I didn't expect them to come crashing down with such a noisy thud. The next day one of them called. I'd forgotten both of their names, but I assumed Federico must be the one I liked because no one named Federico is ever not cute, right?

Wrong.

Imagine my surprise -- and utter disappointment -- when the one I had zero interest in showed up in my hotel lobby to pick me up for our date. I tried to hide my disappointment, and I think I succeeded through the walk across the street to the restaurant, through the appetizers and through the main course. But on the walk back to my hotel, it became painfully obvious to me that Federico didn't want to let this date end with a firm handshake.

I could play the early flight card since I was returning home the next day. Or I could fake illness. I decided to do the right thing and tell him the truth.
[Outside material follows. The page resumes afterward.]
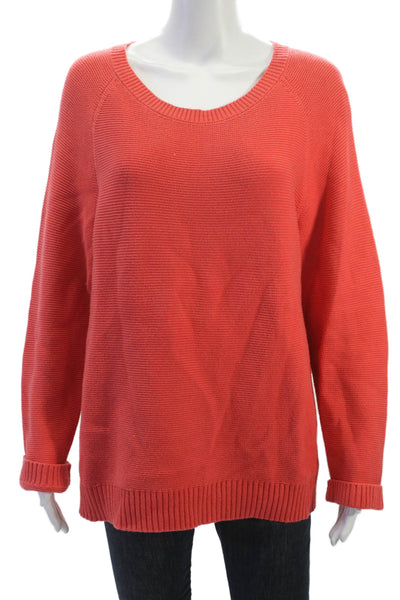 Lafayette 148 New York Unisex Pullover Red Linen Viscose Round Neck Size XL
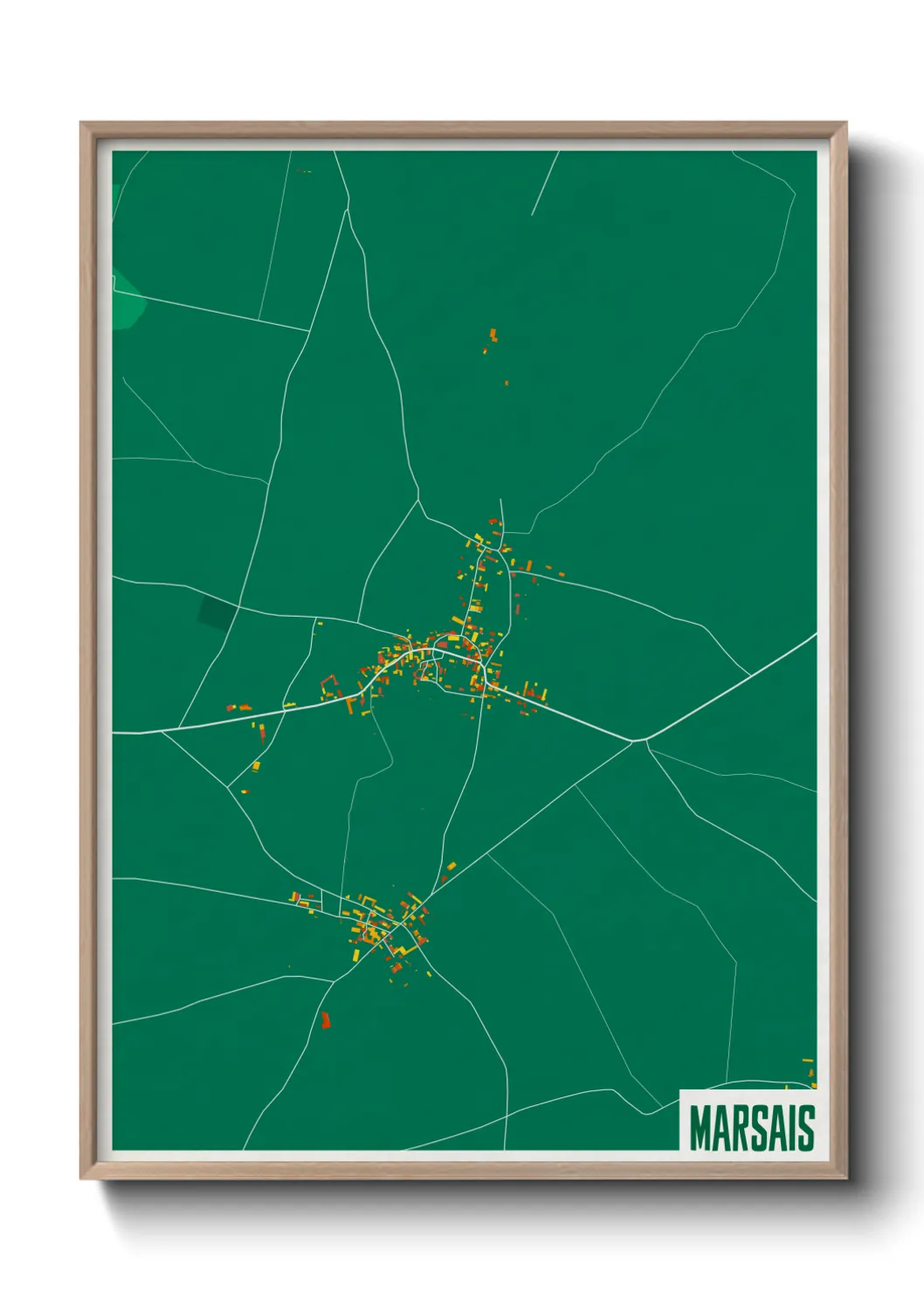 Une affiche de carte sur Marsais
I don't know what possessed me to do it. Was I afraid my nose would grow if I told a lie? Or was my mean streak coming out to play? As if it were all some colossal joke, I told Federico that when he called I actually didn't know whether it was him or his friend, so I wasn't sure who was going to show up tonight.

He wasn't laughing. Was I disappointed? He wanted to know. I didn't say yes. I don't think I said no either. I'm not sure what I said, but the look on my face must have told him what he needed to know. He accepted a firm handshake in the lobby and wished me a safe flight home.

I saw Federico a few times after I moved to Buenos Aires (always wearing the same white pants -- Is there a no-white-after-Labor Day rule in a country that has no Labor Day?), but he always pretended not to see me. As for his friend, I never saw him again. At least I don't think I did. Maybe I did, and I just didn't realize it was him. Maybe I even slept with him. And I still don't know his name.

Saturday, May 8, 2010

MIND, BODY OR SOUL?

Today I am 41 years old. But I don't want to talk about that right now. If you want to read my thoughts on being a year older, check this out on my other blog, "Pump Up the Volume" at True/Slant.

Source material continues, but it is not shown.